It prescribes him an extra two hours of sleep and iron supplement.

“Anomalies to report?”

He thinks of the face in the band, its resemblance to the man on the escalator, the frenzied kiss in the basement club. “No.”

“Kairon analysis validated. Sleep well.”

If his mysterious stranger were a traveler like himself, Cal would be smeared with the man’s anakairons. He’d probably set off every alarm in the facility, well before he completed re-entry.

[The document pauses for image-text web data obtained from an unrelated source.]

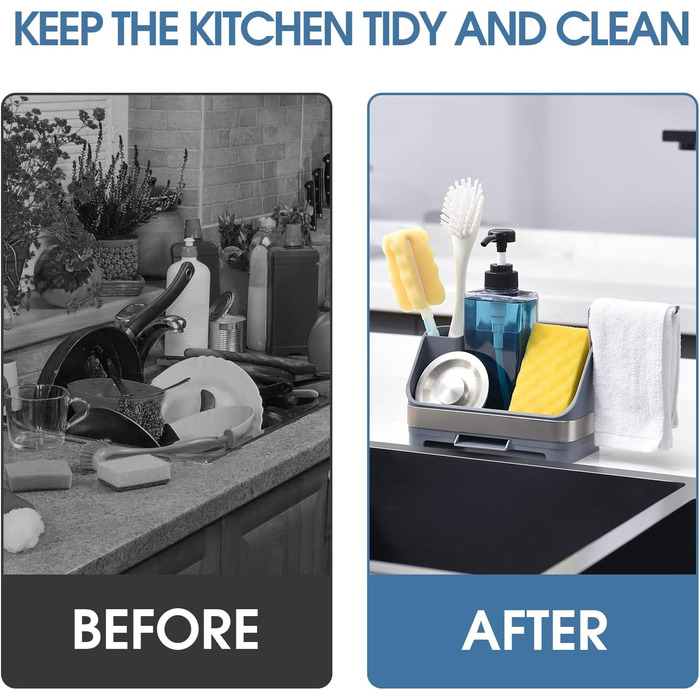 Органайзер для посуду APEXCHASER, дозатор мила з тримачем для губки, органайзер для раковини з нержавіючої сталі, мийка з нержавіючої сталі, кухонний органайзер з дозатором мила, піддон для крапель для кухні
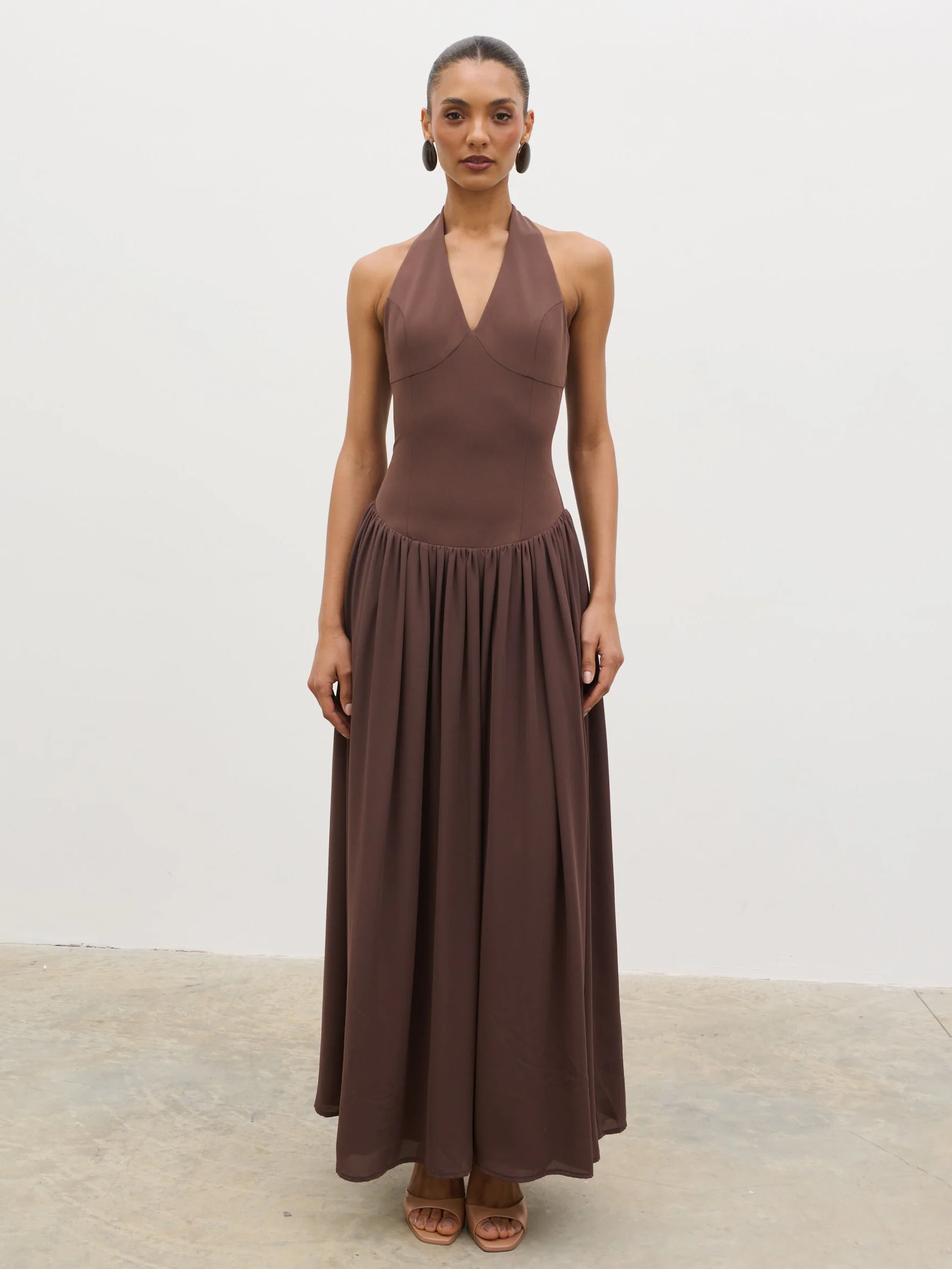 Isadora Drop Waist Maxi Dress - Chocolate Brown - Image 6
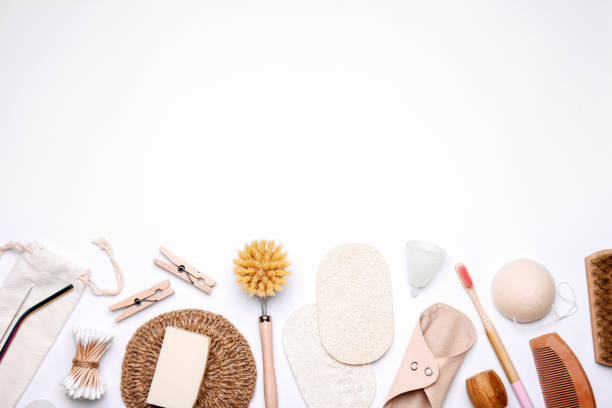 istock Set of ecological reusable items on white background. Top view with space for text. Zero waste and eco friendly concept 1390443526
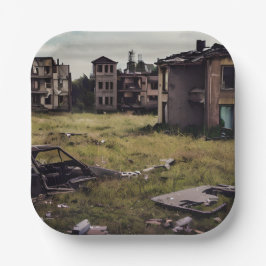 Verlaten gebouwen | Vernietiging na apocalyps Papieren Bordje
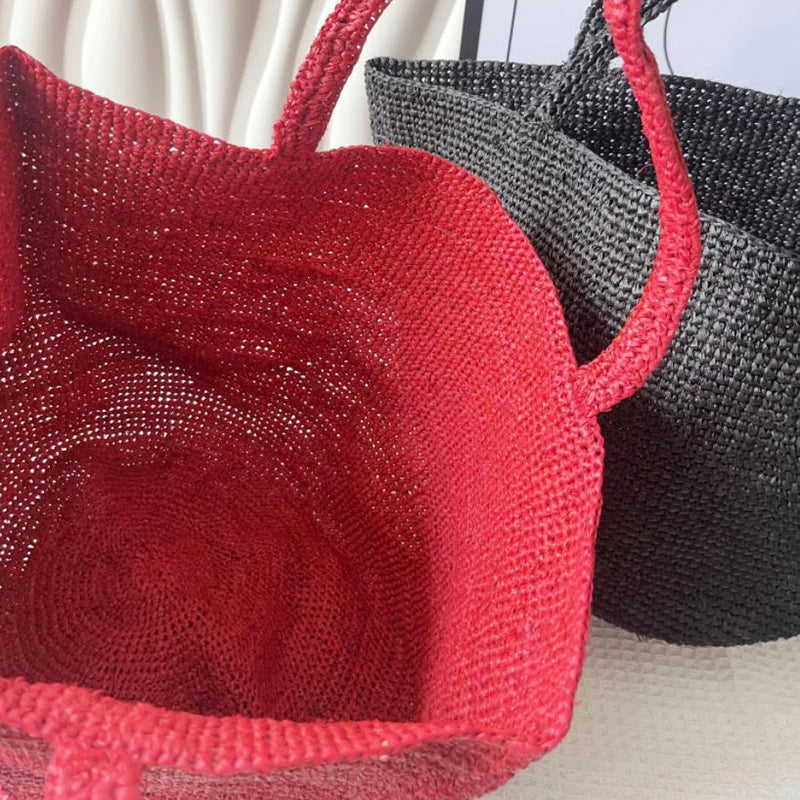 Summer Handmade Raffia Woven Bag, Women's Simple Fashion Shoulder Tote, Beach Vacation Straw Purse,Casual Lightweight for Travel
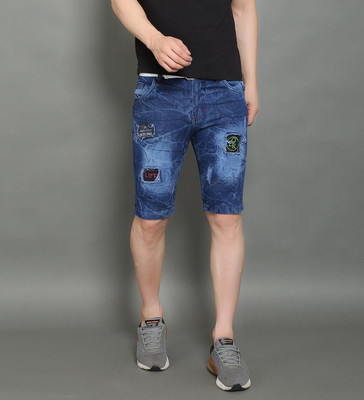 NIRALI Solid Men Denim Blue Denim Shorts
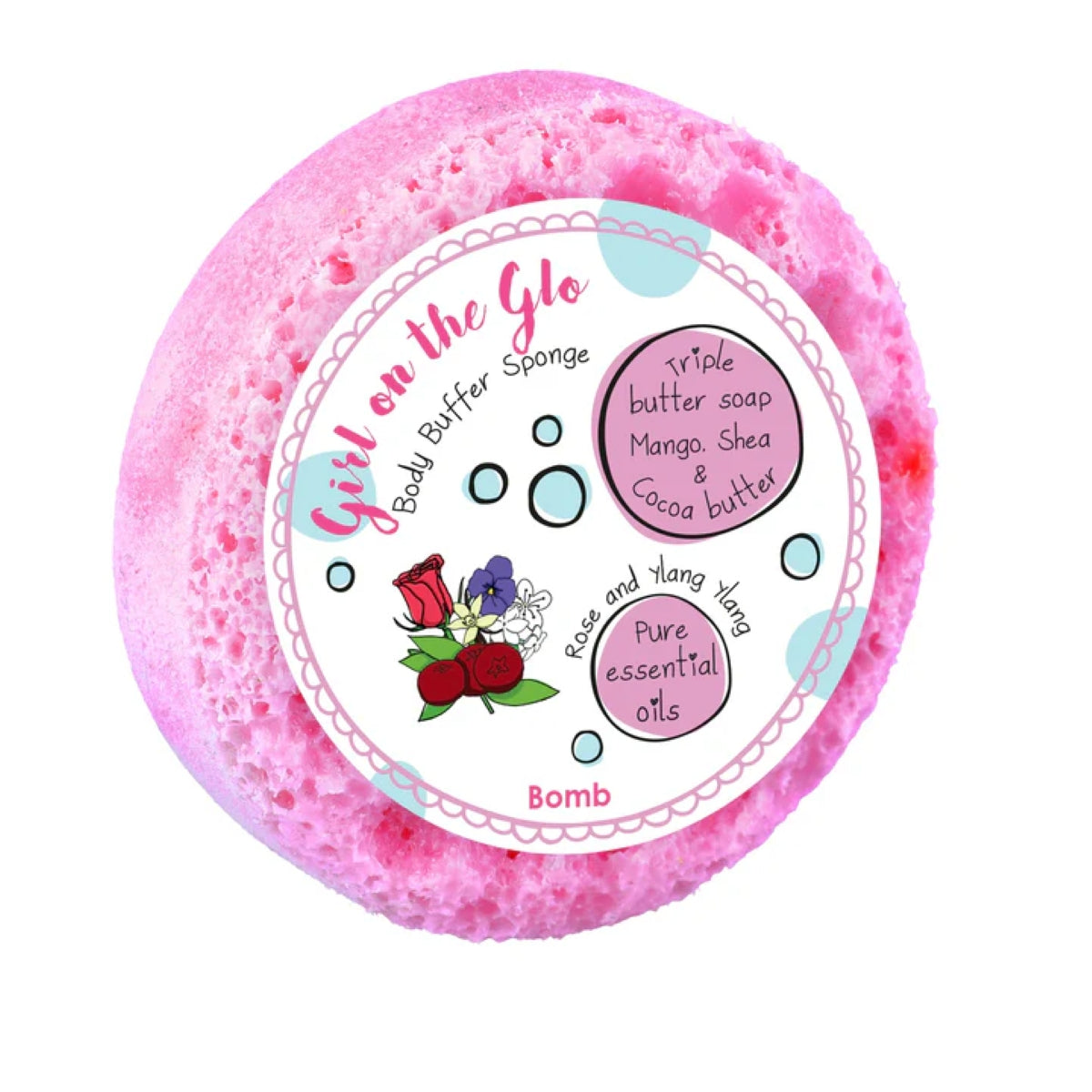 Bomb Cosmetics Girl on the Glo Body Buffer – scrubspons Enchanted geur met ylang ylang & roos.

The cell quavers open and Cal slips out to his feet. His mission target, the setlist from the opening band, has long since been secured. He’s back on his own again. He could stay here at home and take the prescribed sleep.

Instead, he heads down to the street tier and finds the first bar he can. He’d like to be alone with company.

*

Cal wasn’t seeing the same man. That was impossible. He cannot see the same person in a packed underground bar on the Lower East Side in 1989, that he’d seen playing the trombone in a ragtime band at sunset in fin-de-siecle New Orleans, nor in Amsterdam, 1957, just as the leaves were turning in the first chill of winter.

Except, of course, he is. He was. He’s not sure of the tense to use, since these encounters keep happening, but before. And then afterward, too.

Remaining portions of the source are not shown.